Smooth 2D histogram

Hi,
Is there any macro/function or method available to smooth a 2D histograms? I have found this only for 1D histogram.

Thanks in advance.
Best regards
Andrea Bulgarelli

We do not have 2-d histograms smoothing functions.
If somebody succeeds with an implementation let us know.

Rene

Rene: This code fragment smoothes a TH2 using a fixed kernel.

Admittedly the code has some problems: [ul] [li] c-like, rather than c+±like parlance[/li]
[li] no error checking of the input[/li]
[li] hard-coded kernel (probably should allow the user to pass the kernel to use. May need another class for this)[/li]
[li] special treatment for zero valued bins (needed for my problem, but probably not generally applicable)[/li]
[li] no thought given to efficency.[/li]
[li] In general we only want to deal with the error channel if the user want to use it (i.e.
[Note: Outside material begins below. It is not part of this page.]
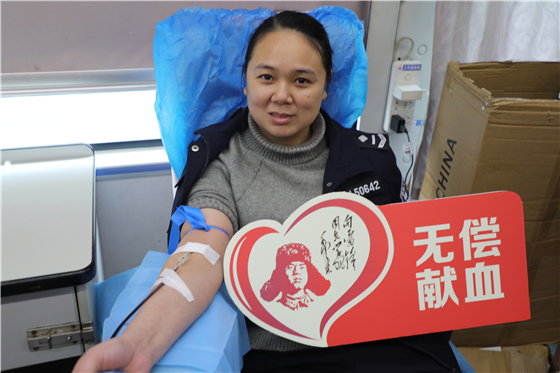 桂阳县公安局辅警陈敏敏正在献血.jpg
SumW2())[/li]
[li] No attention is paid to or use made of the over- and under-flow bins.[/li][/ul] but it was a quick hack to solve a simple problem.

On the plus side the automatic normalizing behavior deals with the edge and corner bins reasonably well.

If this is what you have in mind, I can clean it up bit. [code]
void smooth_th2(TH2 *h){
// Sample kernel
const Int_t ksize_x=5;
const Int_t ksize_y=5;
Double_t kernel[ksize_x][ksize_y] = { { 0, 0, 1, 0, 0 },
{ 0, 2, 2, 2, 0 },
{ 1, 2, 5, 2, 1 },
{ 0, 2, 2, 2, 0 },
{ 0, 0, 1, 0, 0 } };

// Determine the size of the bin buffer(s) needed
Int_t lowest_bin=h->GetBin(0,0);
Int_t highest_bin=h->GetBin(h->GetNbinsX()+1,h->GetNbinsY()+1);
Int_t bufSize = highest_bin-lowest_bin+1;
Double_t *buf = new Double_t[bufSize];
Double_t *ebuf = new Double_t[bufSize];

// Copy all the data to the temporry buffers
for (Int_t i=0; i<=h->GetNbinsX(); i++){
for (Int_t j=0; j<=h->GetNbinsY(); j++){
Int_t bin = h->GetBin(i,j);
buf[bin] =h->GetBinContent(bin);
ebuf[bin]=h->GetBinError(bin);
};
};

// Kernel tail sizes (kernel sizes must be odd for this to work!)
Int_t x_push = (ksize_x-1)/2;
Int_t y_push = (ksize_y-1)/2;

// main work loop
for (Int_t i=1; i<=h->GetNbinsX(); i++){
for (Int_t j=1; j<=h->GetNbinsY(); j++){
Double_t content = 0.0;
Double_t error = 0.0;
Double_t norm = 0.0;

  for (Int_t n=0; n<ksize_x; n++){
    for (Int_t m=0; m<ksize_y; m++){
      Int_t xb = i+(n-x_push);
      Int_t yb = j+(m-y_push);
      if ( (xb >= 1) && (xb <= h->GetNbinsX()) &&
           (yb >= 1) && (yb <= h->GetNbinsY()) ){
        Int_t bin = h->GetBin(xb,yb);
        Double_t k = kernel[n][m];
        if ( (k != 0.0 ) && (buf[bin] != 0.0) ) { // General version probably does not want the second condition
          content += k*buf[bin];
          error   += k*k*buf[bin]*buf[bin];
          norm    += k;
        };
      };
    };
  };

  content /= norm;
  error /= (norm*norm);
  if ( content != 0.0 ) { // General version probably does not want this condition
    h->SetBinContent(i,j,content);
    h->SetBinError(i,j,sqrt(error));
  };
};

};

delete buf;
delete ebuf;
};
[/code]

There is also no fundamental reason you can’t do something similar with TH3s.

Hi David,

Excellent!!

I have converted your C function to a TH2::Smooth member function.
This function is also visible from the TH2 context menu, such that (like for a TH1)
you can smooth a TH2 just by pointing to it in the canvas.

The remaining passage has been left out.